The most important
responsibility of any NWS field office is the timely issuance of severe weather warnings. The
WSR-88D Doppler radar has dramatically helped in this task. Our radar tower is located next to our
parking lot outside our front door. Since 2000, AWIPS has been configured so that radar monitoring
and warning issuance are now performed at AWIPS workstations.
How we issue a severe
Radar surveillance is
always part of the job; it is a basic part of conducting a continuous weather watch. However,
when there are storms on the radar, this is a much more time-consuming matter. Therefore, a
meteorologist is solely assigned this task. In active weather regimes, multiple meteorologists
might be monitoring radar data as it becomes available. The workload may be divided geographically
(one person handles the eastern part of the Warning Area, while another takes the northwest, and a
third takes the southwest), or by hazard (a forecaster assesses the wind/hail threat, while the
other looks out for flooding). It is preferable to have two people working a threat/assignment as a
team, as the interaction typically assists, especially when feature are subtle.
After interrogating a
storm, if a radar meteorologist determines that a warning is required, he/she clicks on an icon
that's in the upper right corner of the AWIPS graphic screen. This activates the warning
program. A cursor pops up on the screen, along with a dialog box (seen to the left). The cursor is
moved to the storm of concern on the current radar image, and a radar image from 10 to 15 minutes
prior. This is so the computer can calculate storm movement. The meteorologist then makes sure the
proper items are clicked in the box, including warning type, valid time, and any appropriate
instructions, and then clicks an icon at the bottom of the screen to compose the warning. AWIPS then
composes the warning, and includes the names of communities in the path of the storm, and the time
they will be first affected. The meteorologist has a chance to make any necessary additions or
adjustments on a text workstation before issuing the warning.

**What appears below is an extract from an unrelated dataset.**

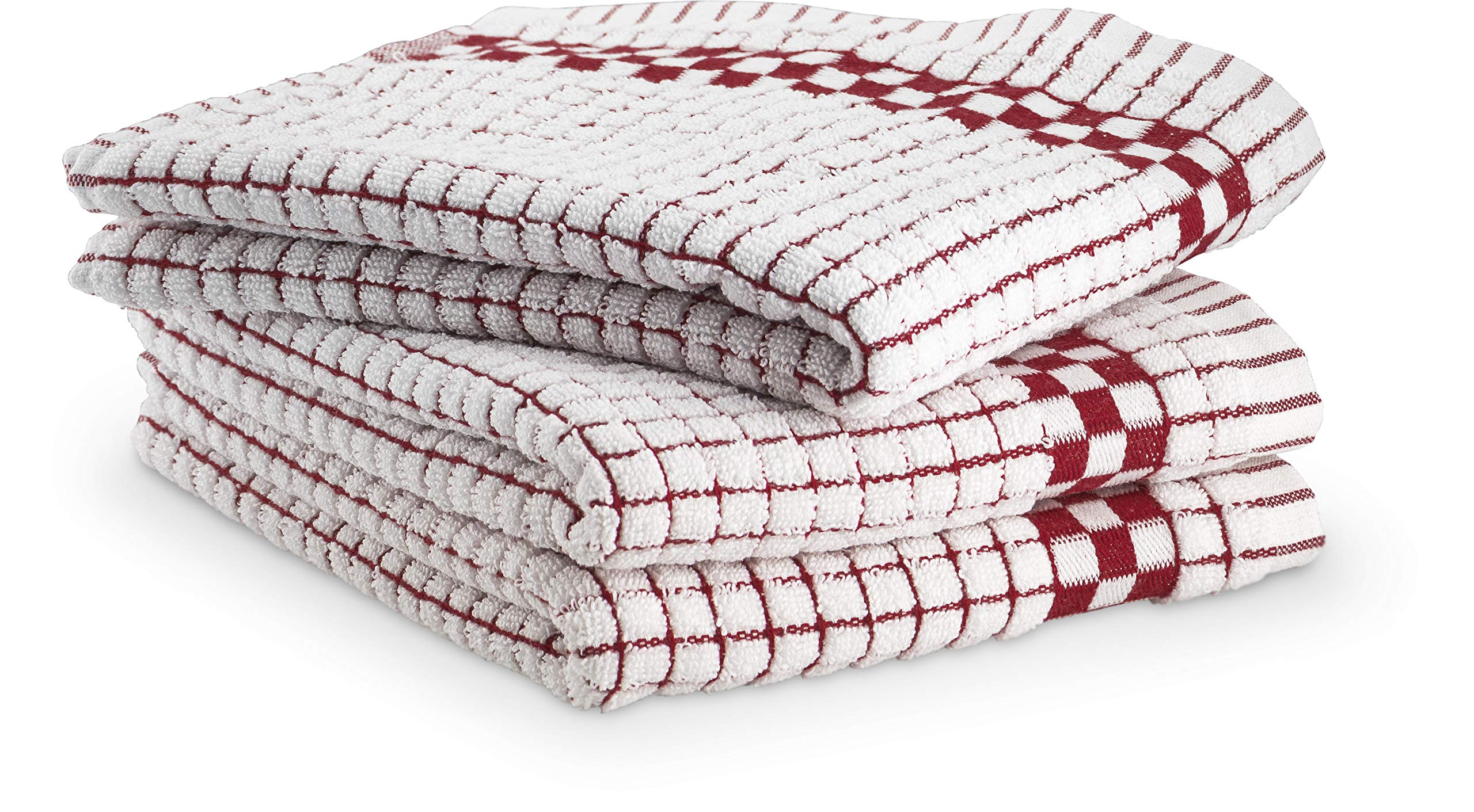 Premium XLNT Red Kitchen Towels (9 Pack) - 100% Cotton Dish Towels | Super Absorbent & Durable Dishcloths for Cleaning, Drying & Scrubbing | Quick-Drying Washcloths for Kitchen, Dining & Tea Time | Multipurpose Hand Towels Set for Everyday Use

The advantage of Doppler radar
is its ability to not just detect where the precipitation is falling, but also determine movement of
particles within the storm. In the image below left, the areas colored green depict movement toward
the radar (which is off the image to the right), and the areas colored red depict movement away from
the radar. From this, one can infer rotation in this spot since fairly strong winds are depicted in
opposite directions side by side. However, this accounts for the wind field at just one level. We
have the ability to view radar data at a number of levels. Thus, if a similar scenario is found at
the same location at different, adjacent levels, this is a rotating column of air, which is a
precursor of tornado development.
This was the case in this image,
when there was an F4 tornado on the ground near Frostburg. This tornado occurred during the tornado
outbreak in western Maryland and eastern West Virginia on June 2, 1998. A reflectivity image from
this storm at the same time can be seen to the right.

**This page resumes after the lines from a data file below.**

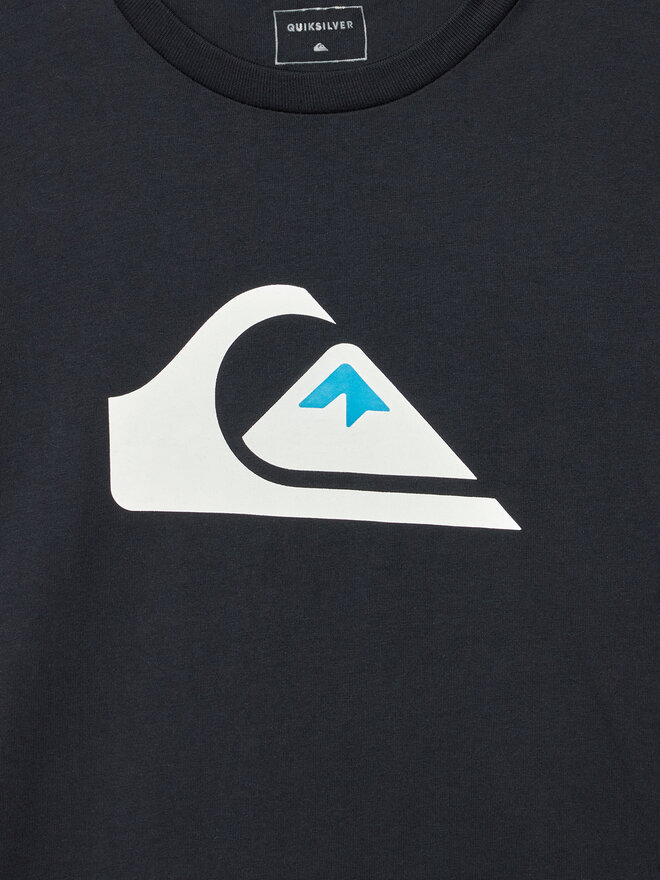 Quiksilver Quiksilver T-Shirt Comp Logo EQBZT04369 Μαύρο Regular Fit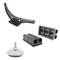Banco para sala de espera com 4 cadeiras ergonómicas preto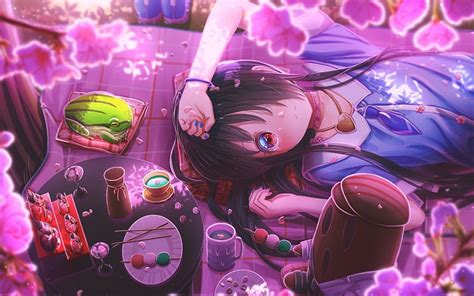 1680x1050 Anime Girl Lying Down Frog Short Hair For Macbook Pro 15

We also have the ability to dial
to other radars to get a different view of storms. That feature was useful in this instance, as the
storm was closer to the WSR-88D radar in Pittsburgh, PA. It also serves as good backup coverage. In
other words, if the radar were to develop mechanical difficulties, we can always obtain radar data
from surrounding sites, and maintain surveillance. AWIPS makes this task much easier since the data
gathering is done automatically.
As indicated above, the radar
can view storms at multiple levels. Instead of viewing the data in each "slice" along the
Earth's surface, it is also possible to view the data with respect to height. The image below is
a cross section of a hailstorm on April 23, 1999 that moved from the eastern West Virginia panhandle
across northern Virginia and into southern Maryland. The scale along the bottom is distance along
the ground, and the scale on the side is height above ground. With AWIPS, the starting and ending
points of the cross section can be placed anywhere and in any orientation. The tilted white core is
indicative of the large hail in this storm. We can determine it is hail since its return is a lot
stronger than that of water particles.
The radar's computer can
also estimate rainfall based on the intensity and duration of the returns, and is able to display
maps with 1 hour totals, 3 hour totals, and storm total rainfall. There are also equations built in
to the software to assist us with hail detection, and determining the size of potential hail stones.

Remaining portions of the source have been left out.